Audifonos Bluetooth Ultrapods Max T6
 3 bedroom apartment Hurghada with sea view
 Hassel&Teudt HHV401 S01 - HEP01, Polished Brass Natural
######
§ Exercise prompt
The whole listing needs repeating. Match each line exactly.

§ Solved exercise
Audifonos Bluetooth Ultrapods Max T6
 3 bedroom apartment Hurghada with sea view
 Hassel&Teudt HHV401 S01 - HEP01, Polished Brass Natural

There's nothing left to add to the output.